Appellate court sniping
continues at the Arkansas Justice Building.

The Arkansas Supreme Court today, in answering a question in an alimony dispute, took pains to note deficiencies in the Court of Appeals handling of the case despite a big staff.


Debra Mason is challenging a Circuit Court ruling on alimony awarded to her in 2011 from her former husband, Charles Mason. The circuit court terminated alimony based on a 2013 statute that allows termination of alimony when a party is cohabitating. She said the 2013 law should not be applied retroactively. The circuit court said it was not applied retroactively, but prospectively to future alimony payments. The Court of Appeals sent to the Supreme Court the question of validity and interpretation of the 2013 law.
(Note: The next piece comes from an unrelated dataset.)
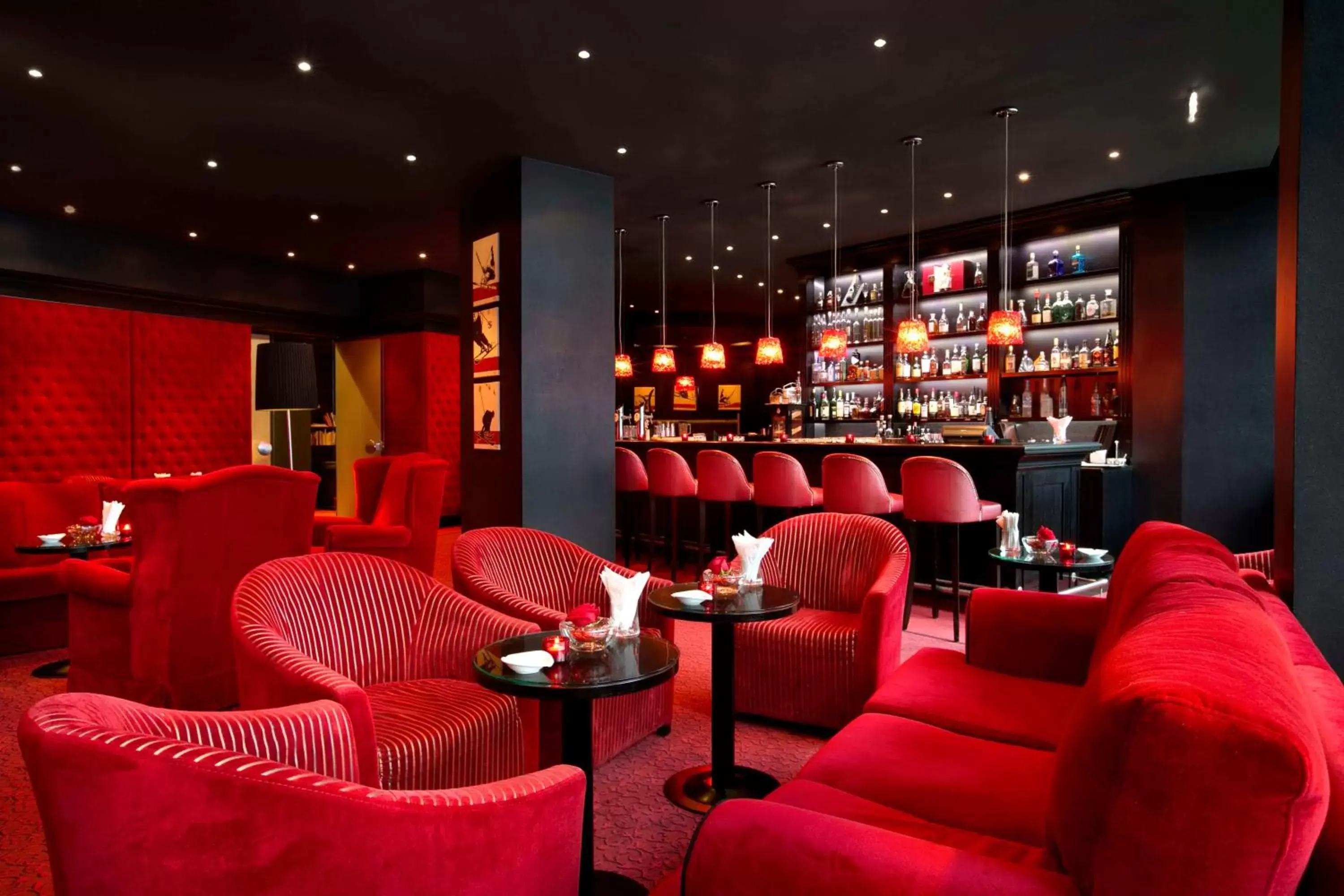Lounge/Bar in Kempinski Hotel Das Tirol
The Supreme Court held that the 2013 law doesn’t automatically terminate alimony awards and sent the case back to the Court of Appeals for a hearing on the merits:


But … in a footnote, the Supreme Court decision by Justice Shawn Womack said, with pointed remarks emphasized:

We note that the briefs the court of appeals certified to us are deficient. The appellee raised his statutory argument in a motion for summary judgment. Debra 6led a response and Charles filed an additional reply. The circuit court held a hearing on May 5, 2014, and issued an order on June 17, 2014, denying the appellee’s motion for summary judgment.

None of the mentioned pleadings, hearings, orders, or briefs and exhibits are included in the abstract or addendum.
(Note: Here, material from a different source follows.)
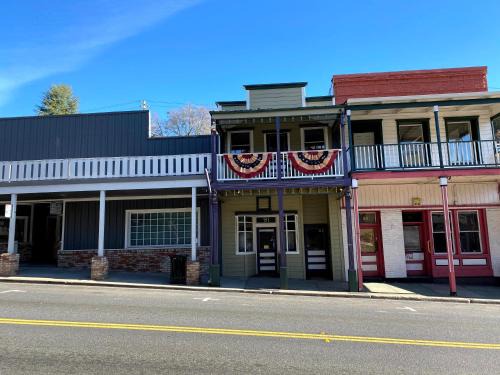 Sonora Apartment | Charming Historic Washington St Balcony with Family Amenities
Our rules require that the parties include in the abstract and addendum everything that is essential to our understanding and ability to decide the issues on appeal. We typically require rebriefing when the briefs are insufficient for us to address the merits. We nevertheless did not order rebriefing from this court because we were able to answer the certified question without the additional information. We remand to the court of appeals to address the briefing deficiencies and the underlying merits of the case. It is unfortunate that this case was certified to our court in its current state. ‘We note that with twelve judges, twenty-four law clerks, and four staff attorneys, that the court of appeals has sufficient resources to spot such deficiencies. In the future, we expect the court of appeals to ensure that the briefs comply with our rules prior to certifying a case to this court.
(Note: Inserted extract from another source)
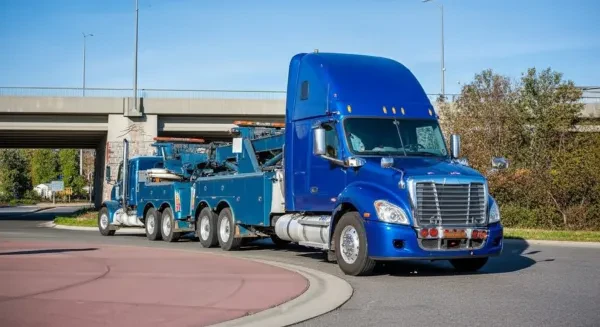 Texans Crown Towing - Heavy Duty & Recovery - photo 4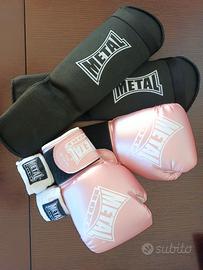 attrezzatura kickboxing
Chief Justice Dan Kemp dissented from the majority opinion. He said he wouldn’t have even answered the certified question “Because appellant Debra Mason has submitted a brief with a deficient abstract and addendum in violation of Arkansas Supreme Court Rule 4-2(a)(5), (8) (2016).”


This is the latest of sniping that broke out in the open when a Court of Appeals opinion complained about the way the Supreme Court had dumped some new prisoner appeal work on the Court of Appeals despite a staff of attorneys to work on such cases. That drew a sharp rejoinder from the Supreme Court and Rita Gruber, chief judge of the Court of Appeals, was called in for an ambush personal remonstrance by the full Supreme Court.  A backdrop to the feuding is long-simmering unhappiness at the Supreme Court that they make only $5,000 a year more than Court of Appeals judges, who also get mileage expenses for travel to homes in the districts from which they are required to run. The Supreme Court is elected statewide.

Kemp recently asked the state pay commission for an 11 percent pay increase for justices, who make $166,500 and a 2 percent raise for the Court of Appeals, whose judges make $161,500. The pay commission recommended a 2 percent increase for all.